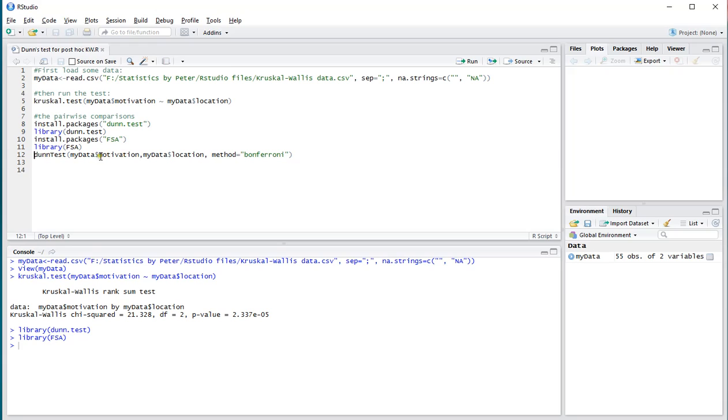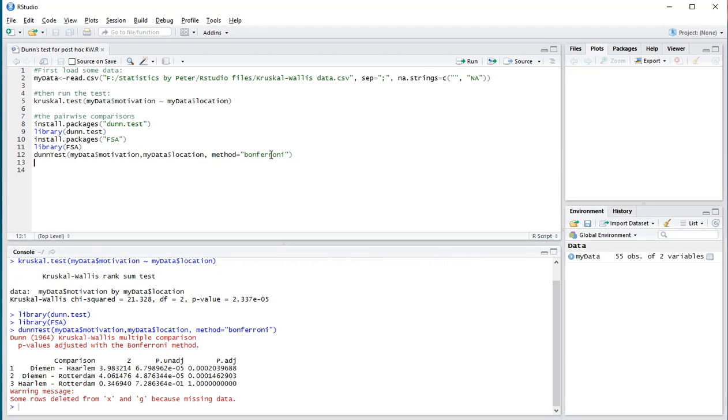Choose the ordinal or scale variable, then the variable that has the factors, and then a method to be used as correction for multiple testing. I'm using the Bonferroni method. Hit ctrl+enter and the results will show up in console.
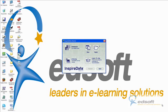Hi, my name's Lauren from Edsoft, and today we're going to look at the different databases that are included in Inspire Data.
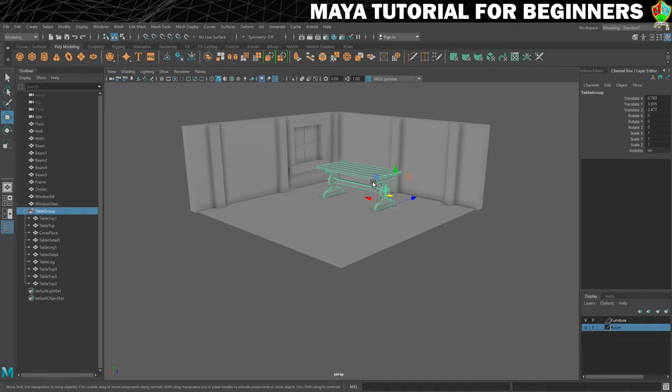That is this step done then. In the next step, we're going to set about creating some things to put on the table, beginning with a kind of potion-looking flask. So I'll see you in the next step for that.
# # # # # # #
→ **TASK OBJECTIVE**
Transcribe all the lines above exactly, apart from the pictures.

→ **SOLUTION FOR THIS EXERCISE**
Choose the ordinal or scale variable, then the variable that has the factors, and then a method to be used as correction for multiple testing. I'm using the Bonferroni method. Hit ctrl+enter and the results will show up in console.
Hi, my name's Lauren from Edsoft, and today we're going to look at the different databases that are included in Inspire Data.
That is this step done then. In the next step, we're going to set about creating some things to put on the table, beginning with a kind of potion-looking flask. So I'll see you in the next step for that.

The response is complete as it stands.